Things get aggressive rapidly. A homerun from the other team is met with jeers from our team, and the homerun hitter waltzes past our chairs giving everyone these annoying thumbs-down raspberries and actually jumping and dancing and where-the-hell-did-that-energy-come-froming and laughing right in our shocked faces. There’s something remarkable about the way people move after a great throw. They float across the floor. They lock eyes with you to taunt you while floating. My own mother, on the other team, runs—positively sprints—past her own children when she nails a HR, which happens frequently. I haven’t seen her move this quickly in about a decade. (I want to say two decades, but in truth can’t remember a time I saw my mom actually run.)
Our team tries to respond with likewise jeers, but we know we’re beaten as soon as the first inning has passed. There’s no respite. We play nine innings and lose by about 12,000 runs, which is both humiliating and so hilarious that it ceases to be humiliating.
Which is kind of the lesson here, really.
I guess I’m afraid of aging out of relevance. Not that I have any particular relevance in a broad sense; I’m far from a pillar of any society. Broadly, though, we all hope we matter somehow. We want to be important in little ways. We want someone to call us when they need help, or when they have something they need to get off their chests. I personally take tremendous pleasure being of some kind of use to the people I love, the people in my family, the gang of quirky weirdos I have collected and call my best friends, those I care about in some way.

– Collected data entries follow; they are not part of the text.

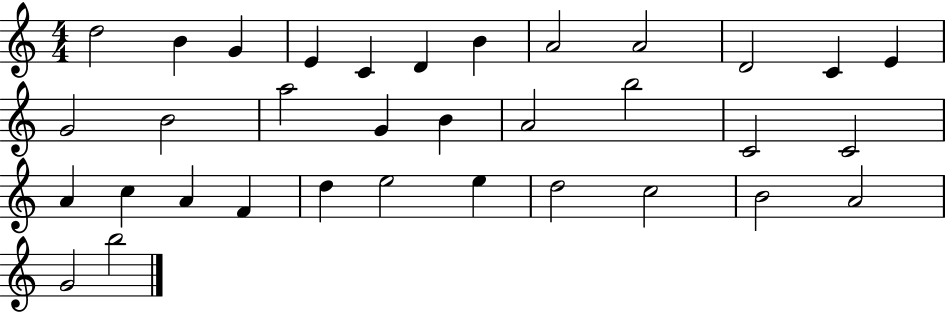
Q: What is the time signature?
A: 4/4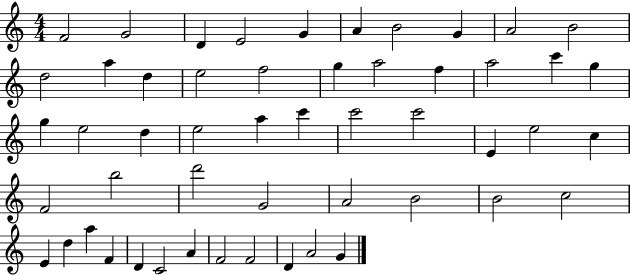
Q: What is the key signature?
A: C major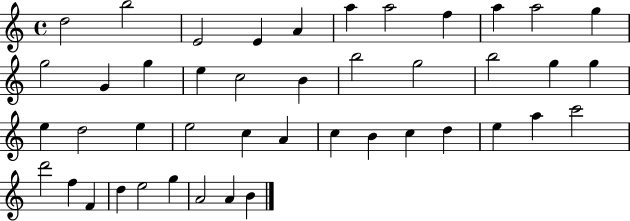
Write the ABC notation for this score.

X:1
T:Untitled
M:4/4
L:1/4
K:C
d2 b2 E2 E A a a2 f a a2 g g2 G g e c2 B b2 g2 b2 g g e d2 e e2 c A c B c d e a c'2 d'2 f F d e2 g A2 A B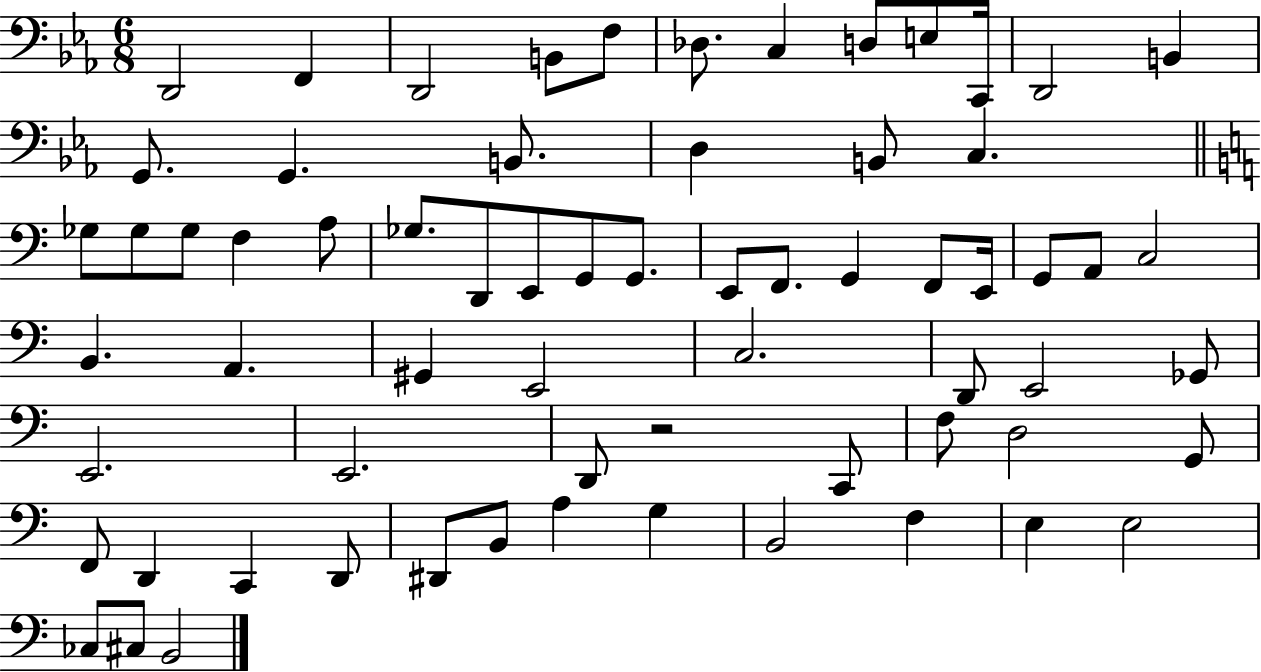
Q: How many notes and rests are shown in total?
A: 67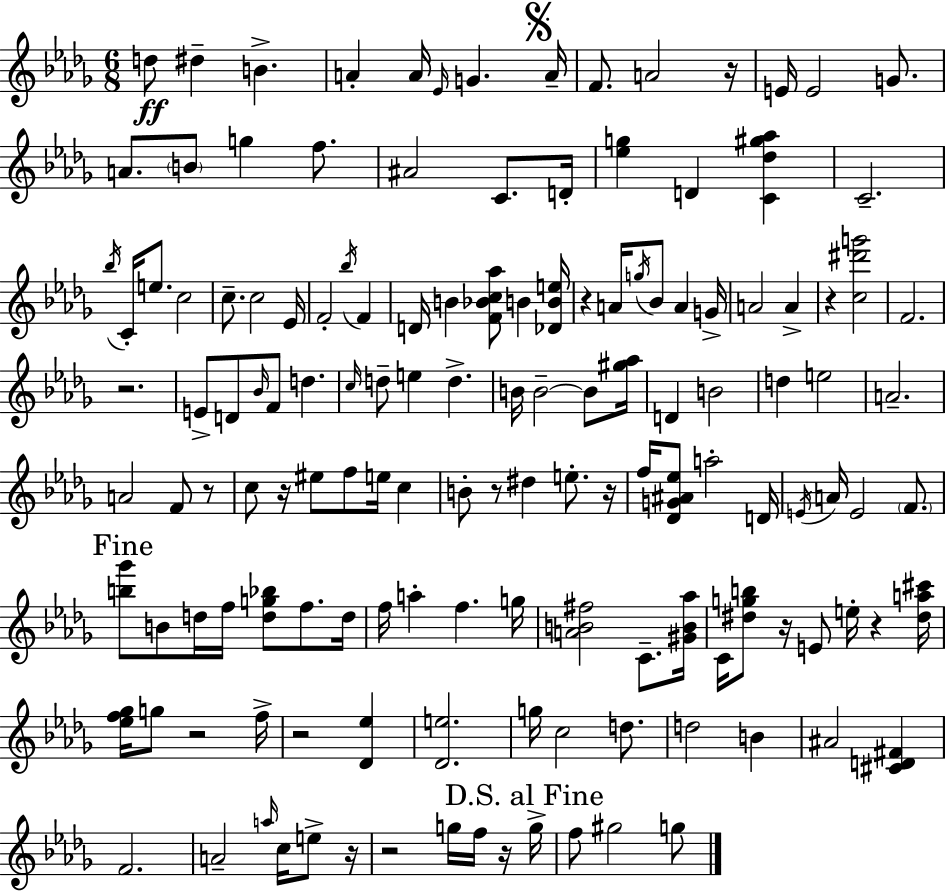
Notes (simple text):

D5/e D#5/q B4/q. A4/q A4/s Eb4/s G4/q. A4/s F4/e. A4/h R/s E4/s E4/h G4/e. A4/e. B4/e G5/q F5/e. A#4/h C4/e. D4/s [Eb5,G5]/q D4/q [C4,Db5,G#5,Ab5]/q C4/h. Bb5/s C4/s E5/e. C5/h C5/e. C5/h Eb4/s F4/h Bb5/s F4/q D4/s B4/q [F4,Bb4,C5,Ab5]/e B4/q [Db4,B4,E5]/s R/q A4/s G5/s Bb4/e A4/q G4/s A4/h A4/q R/q [C5,D#6,G6]/h F4/h. R/h. E4/e D4/e Bb4/s F4/e D5/q. C5/s D5/e E5/q D5/q. B4/s B4/h B4/e [G#5,Ab5]/s D4/q B4/h D5/q E5/h A4/h. A4/h F4/e R/e C5/e R/s EIS5/e F5/e E5/s C5/q B4/e R/e D#5/q E5/e. R/s F5/s [Db4,G4,A#4,Eb5]/e A5/h D4/s E4/s A4/s E4/h F4/e. [B5,Gb6]/e B4/e D5/s F5/s [D5,G5,Bb5]/e F5/e. D5/s F5/s A5/q F5/q. G5/s [A4,B4,F#5]/h C4/e. [G#4,B4,Ab5]/s C4/s [D#5,G5,B5]/e R/s E4/e E5/s R/q [D#5,A5,C#6]/s [Eb5,F5,Gb5]/s G5/e R/h F5/s R/h [Db4,Eb5]/q [Db4,E5]/h. G5/s C5/h D5/e. D5/h B4/q A#4/h [C#4,D4,F#4]/q F4/h. A4/h A5/s C5/s E5/e R/s R/h G5/s F5/s R/s G5/s F5/e G#5/h G5/e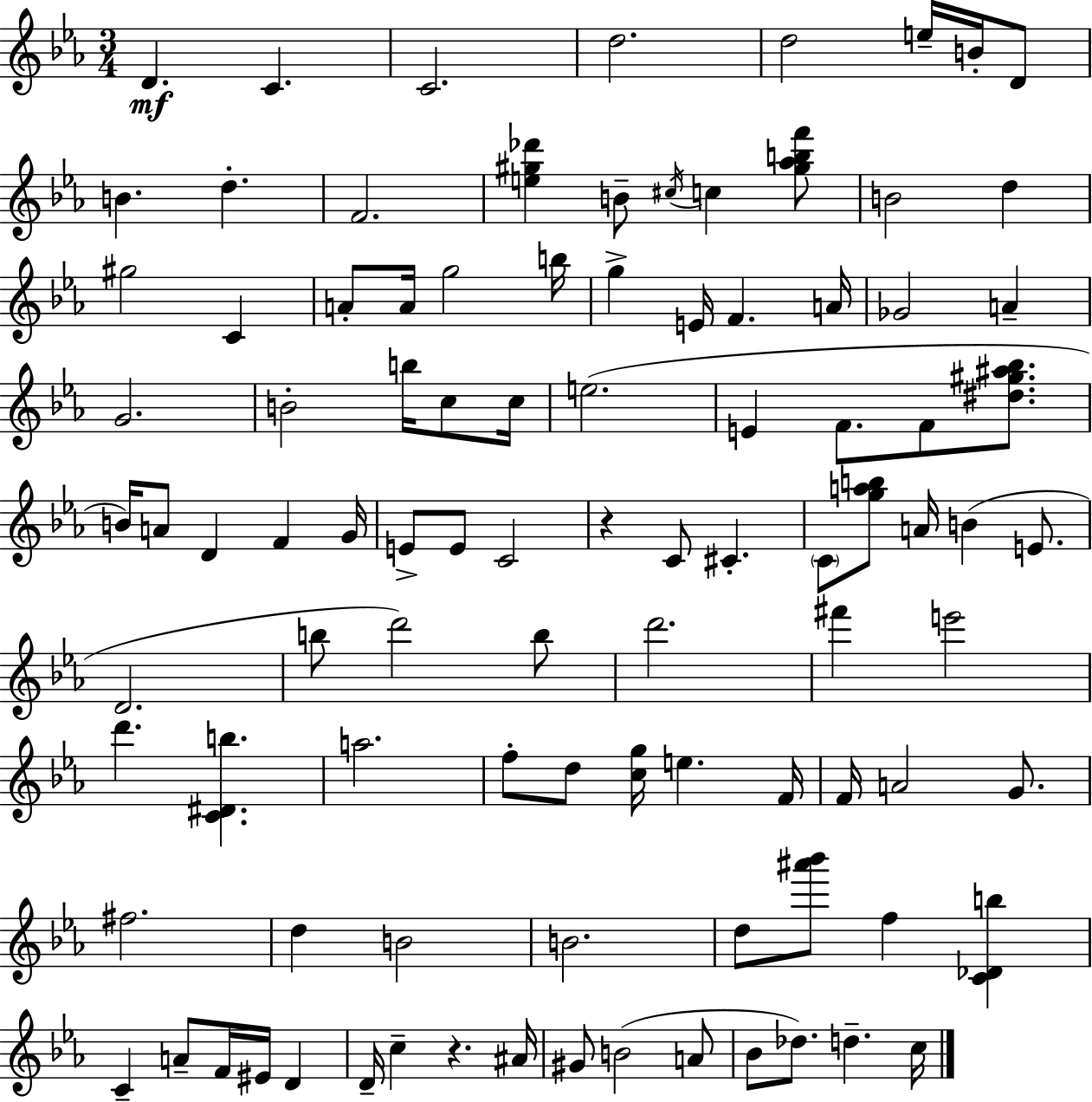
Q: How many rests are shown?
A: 2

I worry that when I’m older no one will depend on me for anything, and I’ll just be some guy who likes video games and who no one calls or messages about the important stuff.
There’s something deeply reassuring about seeing the communities that my mom and her brothers have built here. A lot of my apprehension about her decision to retire to Florida comes from the world “Florida,” from all of the well-trod stereotypes about the place, but comes too from my ignorant supposition that it was a mediocre choice. What imagination resides within the decision to just, I don’t know, go to Florida for the winters? It felt inadequate for someone like her, who’s curious and fun and funny. It felt like settling. But another, probably bigger part, of what I worried about for her were my own fears of becoming useless. I needn’t have worried.
Her decision to live here was no mediocre choice. It was an active choice to surround herself with her people, with her own quirky weirdos. It’s a life with enough structure to feel constantly supported (Bingo nights, thrift-shopping ladies-only lunches, billiard tournaments, bake offs, big community dinners) and free enough to not feel overwhelmed. The community is big enough to ignore the people who aren’t that interesting, and small enough to form lasting and deep friendships with a special few.
And isn’t that kind of what we all need, at least eventually? I wrote the first part of this story from Florida, surrounded by that warmth. I’ve written the last parts from Barcelona, where I have lived for a couple of years, and where I have just this year started to realize that I still haven’t found that thing my mom has found. This is a too-big city with a too-small community, despite the ease with which it’s possible to meet new people here. It’s diverse and interesting, the weather is often perfect, the food is wonderful and cheap, alcohol is essentially free. There are often good, nice, smart people around. But the longer I stayed, the more I yearned for my people, a community of goofballs always with a quip ready and who are generous with their time and their emotions.
For a brief moment I considered forming a Barcelona Beanbag Baseball league, but the alliteration was too much so I had to abandon the idea.